Comparing math teaching practices in Japan and Germany with those in the United States, two leading researchers offer a surprising new view of teaching and a bold action plan for improving education inside the American classroom.
For years our schools and children have lagged behind international standards in reading, arithmetic, and most other areas of academic achievement. It is no secret that American schools are in dire need of improvement, and that education has become our nation's number-one priority. But even though almost every state in the country is working to develop higher standards for what students should be learning, along with the means for assessing their progress, the quick-fix solutions implemented so far haven't had a noticeable impact.
The problem, as James Stigler and James Hiebert explain, is that most efforts to improve education fail because they simply don't have any impact on the quality of teaching inside classrooms. Teaching, they argue, is cultural. American teachers aren't incompetent, but the methods they use are severely limited, and American teaching has no system in place for getting better. It is teaching, not teachers, that must be changed.
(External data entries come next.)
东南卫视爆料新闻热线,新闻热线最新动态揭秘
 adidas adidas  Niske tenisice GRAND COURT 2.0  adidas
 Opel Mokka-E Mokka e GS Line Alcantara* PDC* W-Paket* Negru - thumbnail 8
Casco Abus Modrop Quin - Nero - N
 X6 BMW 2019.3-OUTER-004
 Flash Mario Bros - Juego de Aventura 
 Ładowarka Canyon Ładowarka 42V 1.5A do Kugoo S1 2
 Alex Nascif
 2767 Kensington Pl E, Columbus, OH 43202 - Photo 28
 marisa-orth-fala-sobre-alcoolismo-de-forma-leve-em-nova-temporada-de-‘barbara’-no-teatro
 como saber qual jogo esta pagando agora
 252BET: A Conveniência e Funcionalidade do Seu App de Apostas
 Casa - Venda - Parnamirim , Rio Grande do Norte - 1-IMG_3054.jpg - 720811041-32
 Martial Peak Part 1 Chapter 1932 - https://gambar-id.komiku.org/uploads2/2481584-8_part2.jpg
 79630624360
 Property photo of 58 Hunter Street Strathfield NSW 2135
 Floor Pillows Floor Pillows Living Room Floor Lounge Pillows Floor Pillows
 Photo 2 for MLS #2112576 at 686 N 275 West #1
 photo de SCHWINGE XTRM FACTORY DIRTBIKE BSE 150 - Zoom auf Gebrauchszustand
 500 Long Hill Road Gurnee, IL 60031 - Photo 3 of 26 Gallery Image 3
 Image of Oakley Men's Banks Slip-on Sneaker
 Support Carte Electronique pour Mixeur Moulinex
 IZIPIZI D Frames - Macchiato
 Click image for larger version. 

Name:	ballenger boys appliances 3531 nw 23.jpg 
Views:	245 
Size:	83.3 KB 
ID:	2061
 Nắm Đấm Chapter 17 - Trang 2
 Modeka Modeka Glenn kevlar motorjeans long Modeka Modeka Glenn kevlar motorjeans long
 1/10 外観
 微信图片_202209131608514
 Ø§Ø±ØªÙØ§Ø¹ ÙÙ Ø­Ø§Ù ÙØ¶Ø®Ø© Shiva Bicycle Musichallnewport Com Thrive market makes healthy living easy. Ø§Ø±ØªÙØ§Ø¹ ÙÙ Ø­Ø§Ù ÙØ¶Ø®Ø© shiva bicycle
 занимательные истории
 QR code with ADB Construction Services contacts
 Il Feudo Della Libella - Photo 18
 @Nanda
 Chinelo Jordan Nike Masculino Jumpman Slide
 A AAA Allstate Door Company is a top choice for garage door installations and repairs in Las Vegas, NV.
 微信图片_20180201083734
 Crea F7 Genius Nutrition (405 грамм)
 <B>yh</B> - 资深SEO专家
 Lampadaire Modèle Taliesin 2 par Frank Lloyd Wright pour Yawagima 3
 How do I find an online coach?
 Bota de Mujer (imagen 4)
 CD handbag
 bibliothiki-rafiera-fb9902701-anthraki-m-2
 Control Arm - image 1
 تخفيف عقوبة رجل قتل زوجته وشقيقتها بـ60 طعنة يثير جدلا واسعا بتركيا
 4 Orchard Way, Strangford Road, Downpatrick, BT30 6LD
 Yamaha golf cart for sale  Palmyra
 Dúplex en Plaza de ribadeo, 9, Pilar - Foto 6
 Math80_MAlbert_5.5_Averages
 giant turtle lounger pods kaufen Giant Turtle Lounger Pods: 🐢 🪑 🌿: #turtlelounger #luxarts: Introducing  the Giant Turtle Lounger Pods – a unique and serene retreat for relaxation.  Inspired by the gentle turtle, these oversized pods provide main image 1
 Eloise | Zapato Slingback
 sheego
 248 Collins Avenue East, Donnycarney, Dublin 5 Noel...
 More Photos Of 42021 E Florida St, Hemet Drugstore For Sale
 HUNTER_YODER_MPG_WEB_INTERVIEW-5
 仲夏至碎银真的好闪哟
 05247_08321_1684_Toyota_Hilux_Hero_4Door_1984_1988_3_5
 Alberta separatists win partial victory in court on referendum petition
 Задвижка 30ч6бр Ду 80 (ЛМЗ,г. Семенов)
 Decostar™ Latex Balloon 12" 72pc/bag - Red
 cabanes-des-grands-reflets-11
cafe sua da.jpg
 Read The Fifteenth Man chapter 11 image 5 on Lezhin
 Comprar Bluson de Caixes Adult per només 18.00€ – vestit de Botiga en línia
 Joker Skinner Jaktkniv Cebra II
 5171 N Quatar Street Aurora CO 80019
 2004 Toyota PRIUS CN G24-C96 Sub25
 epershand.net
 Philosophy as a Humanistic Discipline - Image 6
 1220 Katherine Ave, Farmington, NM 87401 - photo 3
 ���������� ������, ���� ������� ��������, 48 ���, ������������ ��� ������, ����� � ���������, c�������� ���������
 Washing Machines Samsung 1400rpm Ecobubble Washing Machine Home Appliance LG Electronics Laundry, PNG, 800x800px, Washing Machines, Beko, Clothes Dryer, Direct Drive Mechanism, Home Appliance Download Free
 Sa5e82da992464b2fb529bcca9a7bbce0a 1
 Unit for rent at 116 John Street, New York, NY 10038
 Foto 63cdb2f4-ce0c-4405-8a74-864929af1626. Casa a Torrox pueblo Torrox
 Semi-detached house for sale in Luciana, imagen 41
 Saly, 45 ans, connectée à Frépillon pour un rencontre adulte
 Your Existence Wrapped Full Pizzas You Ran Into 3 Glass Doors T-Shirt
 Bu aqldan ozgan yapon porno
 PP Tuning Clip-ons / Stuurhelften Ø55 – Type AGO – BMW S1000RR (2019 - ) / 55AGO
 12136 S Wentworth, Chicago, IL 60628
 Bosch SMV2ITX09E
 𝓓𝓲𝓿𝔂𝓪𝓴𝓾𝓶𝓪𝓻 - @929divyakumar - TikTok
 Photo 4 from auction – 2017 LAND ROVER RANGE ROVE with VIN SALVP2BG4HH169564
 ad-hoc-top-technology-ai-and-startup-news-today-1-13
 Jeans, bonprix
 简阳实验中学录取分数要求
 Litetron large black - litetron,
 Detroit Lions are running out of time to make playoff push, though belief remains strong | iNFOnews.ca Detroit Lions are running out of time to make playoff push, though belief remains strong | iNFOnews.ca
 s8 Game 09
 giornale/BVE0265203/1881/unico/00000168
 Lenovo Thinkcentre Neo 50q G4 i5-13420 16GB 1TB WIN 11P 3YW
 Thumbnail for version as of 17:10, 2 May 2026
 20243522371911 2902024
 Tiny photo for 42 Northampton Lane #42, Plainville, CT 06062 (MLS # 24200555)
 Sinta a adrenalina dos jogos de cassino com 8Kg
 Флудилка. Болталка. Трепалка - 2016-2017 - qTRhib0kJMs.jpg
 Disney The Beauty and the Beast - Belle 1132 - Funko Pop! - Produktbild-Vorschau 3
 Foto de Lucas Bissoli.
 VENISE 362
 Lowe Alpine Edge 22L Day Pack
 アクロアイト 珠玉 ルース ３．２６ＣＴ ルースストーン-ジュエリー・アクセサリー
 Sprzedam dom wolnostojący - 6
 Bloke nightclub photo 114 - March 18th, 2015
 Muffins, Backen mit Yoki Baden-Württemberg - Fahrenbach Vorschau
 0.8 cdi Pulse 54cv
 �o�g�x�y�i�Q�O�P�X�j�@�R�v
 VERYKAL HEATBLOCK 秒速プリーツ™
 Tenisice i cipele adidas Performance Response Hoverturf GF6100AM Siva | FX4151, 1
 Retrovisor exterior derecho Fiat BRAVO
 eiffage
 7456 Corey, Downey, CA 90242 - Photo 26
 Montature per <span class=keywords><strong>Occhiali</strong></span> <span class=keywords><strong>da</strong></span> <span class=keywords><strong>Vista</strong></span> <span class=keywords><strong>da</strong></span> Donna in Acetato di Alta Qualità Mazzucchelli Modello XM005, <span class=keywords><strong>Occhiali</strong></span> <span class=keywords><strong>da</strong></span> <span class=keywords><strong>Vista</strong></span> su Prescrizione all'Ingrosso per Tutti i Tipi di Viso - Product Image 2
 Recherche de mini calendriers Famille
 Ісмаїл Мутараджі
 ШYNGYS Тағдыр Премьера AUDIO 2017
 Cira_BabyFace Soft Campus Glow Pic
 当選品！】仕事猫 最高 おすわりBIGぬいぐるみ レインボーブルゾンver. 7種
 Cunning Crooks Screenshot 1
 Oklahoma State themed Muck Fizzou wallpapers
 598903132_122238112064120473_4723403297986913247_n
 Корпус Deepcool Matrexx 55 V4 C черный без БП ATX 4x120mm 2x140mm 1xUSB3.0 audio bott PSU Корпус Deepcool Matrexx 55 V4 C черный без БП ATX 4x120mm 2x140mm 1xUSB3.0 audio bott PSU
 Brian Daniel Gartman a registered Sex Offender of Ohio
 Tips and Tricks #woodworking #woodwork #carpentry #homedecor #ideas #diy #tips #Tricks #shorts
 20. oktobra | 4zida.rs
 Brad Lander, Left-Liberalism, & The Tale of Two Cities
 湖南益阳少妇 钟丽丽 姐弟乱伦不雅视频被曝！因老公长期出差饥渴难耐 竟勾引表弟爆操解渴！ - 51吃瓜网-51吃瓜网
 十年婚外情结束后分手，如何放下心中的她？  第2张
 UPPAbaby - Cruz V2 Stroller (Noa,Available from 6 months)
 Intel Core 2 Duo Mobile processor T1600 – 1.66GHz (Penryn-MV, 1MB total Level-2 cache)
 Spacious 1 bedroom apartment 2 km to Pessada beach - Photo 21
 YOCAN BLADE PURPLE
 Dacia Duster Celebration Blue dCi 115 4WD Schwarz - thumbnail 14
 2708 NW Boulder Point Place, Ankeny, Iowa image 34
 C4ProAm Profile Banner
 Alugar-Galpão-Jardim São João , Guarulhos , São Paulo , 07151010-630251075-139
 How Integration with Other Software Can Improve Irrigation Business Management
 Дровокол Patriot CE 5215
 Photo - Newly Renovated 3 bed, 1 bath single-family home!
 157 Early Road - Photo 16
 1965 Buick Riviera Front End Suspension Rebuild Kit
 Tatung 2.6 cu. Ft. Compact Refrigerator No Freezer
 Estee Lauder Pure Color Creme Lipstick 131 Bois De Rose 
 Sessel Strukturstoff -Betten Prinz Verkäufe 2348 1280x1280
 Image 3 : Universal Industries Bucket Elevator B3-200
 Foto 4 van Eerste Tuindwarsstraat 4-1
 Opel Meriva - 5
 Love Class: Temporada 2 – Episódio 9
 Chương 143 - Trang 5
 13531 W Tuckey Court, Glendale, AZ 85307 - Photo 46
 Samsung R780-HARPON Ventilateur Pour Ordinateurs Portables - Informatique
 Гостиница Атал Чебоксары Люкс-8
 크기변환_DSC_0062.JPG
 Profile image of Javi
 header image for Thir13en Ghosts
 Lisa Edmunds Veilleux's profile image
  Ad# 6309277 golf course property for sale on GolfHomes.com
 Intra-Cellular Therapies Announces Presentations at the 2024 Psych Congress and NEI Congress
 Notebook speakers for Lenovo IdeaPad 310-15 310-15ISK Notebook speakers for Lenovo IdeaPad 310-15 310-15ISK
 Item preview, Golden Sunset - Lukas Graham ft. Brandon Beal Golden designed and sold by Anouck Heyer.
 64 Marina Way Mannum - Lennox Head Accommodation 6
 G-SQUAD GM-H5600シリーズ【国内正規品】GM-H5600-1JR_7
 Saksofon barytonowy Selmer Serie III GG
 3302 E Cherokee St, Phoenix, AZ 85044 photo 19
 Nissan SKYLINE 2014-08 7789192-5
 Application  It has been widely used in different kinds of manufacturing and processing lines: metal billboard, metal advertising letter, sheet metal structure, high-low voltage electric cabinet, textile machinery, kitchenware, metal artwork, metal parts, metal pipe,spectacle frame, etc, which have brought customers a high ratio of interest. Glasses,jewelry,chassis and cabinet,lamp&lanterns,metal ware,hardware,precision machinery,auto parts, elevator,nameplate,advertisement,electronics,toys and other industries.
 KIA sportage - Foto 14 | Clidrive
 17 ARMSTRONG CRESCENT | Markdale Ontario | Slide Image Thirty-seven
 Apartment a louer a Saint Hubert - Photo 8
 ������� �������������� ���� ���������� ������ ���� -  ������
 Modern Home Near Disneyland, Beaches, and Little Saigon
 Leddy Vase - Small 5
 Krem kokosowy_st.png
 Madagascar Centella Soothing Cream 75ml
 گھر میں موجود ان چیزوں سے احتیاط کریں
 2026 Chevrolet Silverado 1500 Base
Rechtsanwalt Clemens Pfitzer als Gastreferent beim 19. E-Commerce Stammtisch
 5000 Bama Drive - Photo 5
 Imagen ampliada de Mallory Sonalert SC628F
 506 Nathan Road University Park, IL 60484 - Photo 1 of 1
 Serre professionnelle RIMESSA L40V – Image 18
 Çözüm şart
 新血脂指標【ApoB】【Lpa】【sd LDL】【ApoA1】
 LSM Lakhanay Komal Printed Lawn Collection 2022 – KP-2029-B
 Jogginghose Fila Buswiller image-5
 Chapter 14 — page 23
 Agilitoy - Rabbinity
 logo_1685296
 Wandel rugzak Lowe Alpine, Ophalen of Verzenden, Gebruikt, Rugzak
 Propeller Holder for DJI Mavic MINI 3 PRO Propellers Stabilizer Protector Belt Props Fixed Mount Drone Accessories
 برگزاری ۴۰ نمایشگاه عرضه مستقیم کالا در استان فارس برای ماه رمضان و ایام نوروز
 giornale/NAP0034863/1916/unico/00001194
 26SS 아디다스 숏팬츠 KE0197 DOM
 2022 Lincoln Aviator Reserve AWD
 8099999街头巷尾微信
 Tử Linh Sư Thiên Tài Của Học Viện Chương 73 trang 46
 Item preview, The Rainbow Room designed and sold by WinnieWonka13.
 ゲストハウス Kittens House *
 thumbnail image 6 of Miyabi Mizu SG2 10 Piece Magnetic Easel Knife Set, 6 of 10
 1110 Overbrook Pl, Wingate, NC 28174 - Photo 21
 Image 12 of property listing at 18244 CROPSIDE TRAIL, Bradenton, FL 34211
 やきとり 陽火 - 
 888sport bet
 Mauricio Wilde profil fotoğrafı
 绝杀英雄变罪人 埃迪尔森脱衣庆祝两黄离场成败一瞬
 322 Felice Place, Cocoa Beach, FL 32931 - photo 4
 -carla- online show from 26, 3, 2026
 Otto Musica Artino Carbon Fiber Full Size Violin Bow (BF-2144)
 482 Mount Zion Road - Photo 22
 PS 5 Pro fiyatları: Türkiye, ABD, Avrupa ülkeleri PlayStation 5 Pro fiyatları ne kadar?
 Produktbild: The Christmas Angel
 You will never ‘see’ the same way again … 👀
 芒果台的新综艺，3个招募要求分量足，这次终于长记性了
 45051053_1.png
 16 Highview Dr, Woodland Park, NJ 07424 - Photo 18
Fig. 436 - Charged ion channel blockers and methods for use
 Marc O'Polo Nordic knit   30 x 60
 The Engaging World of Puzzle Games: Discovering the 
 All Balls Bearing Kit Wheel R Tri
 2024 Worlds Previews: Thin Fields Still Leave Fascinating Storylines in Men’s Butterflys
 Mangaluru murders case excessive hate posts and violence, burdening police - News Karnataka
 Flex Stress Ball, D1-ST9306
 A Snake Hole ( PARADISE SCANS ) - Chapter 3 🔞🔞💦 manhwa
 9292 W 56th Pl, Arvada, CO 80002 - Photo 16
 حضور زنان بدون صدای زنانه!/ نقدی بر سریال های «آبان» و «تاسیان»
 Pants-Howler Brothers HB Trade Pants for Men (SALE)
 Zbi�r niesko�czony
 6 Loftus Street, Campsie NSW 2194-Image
In The Teaching Gap, the authors draw on the conclusions of the Third International Mathematics and Science Study (TIMSS) -- an innovative new study of teaching in several cultures -- to refocus educational reform efforts. Using videotaped lessons from dozens of randomly selected eighth-grade classrooms in the United States, Japan, and Germany, the authors reveal the rich, yet unfulfilled promise of American teaching and document exactly how other countries have consistently stayed ahead of us in the rate their children learn. Our schools can be restructured as places where teachers can engage in career-long learning and classrooms can become laboratories for developing new, teaching-centered ideas. If provided the time they need during the school day for collaborative lesson study and plan building, teachers will change the way our students learn.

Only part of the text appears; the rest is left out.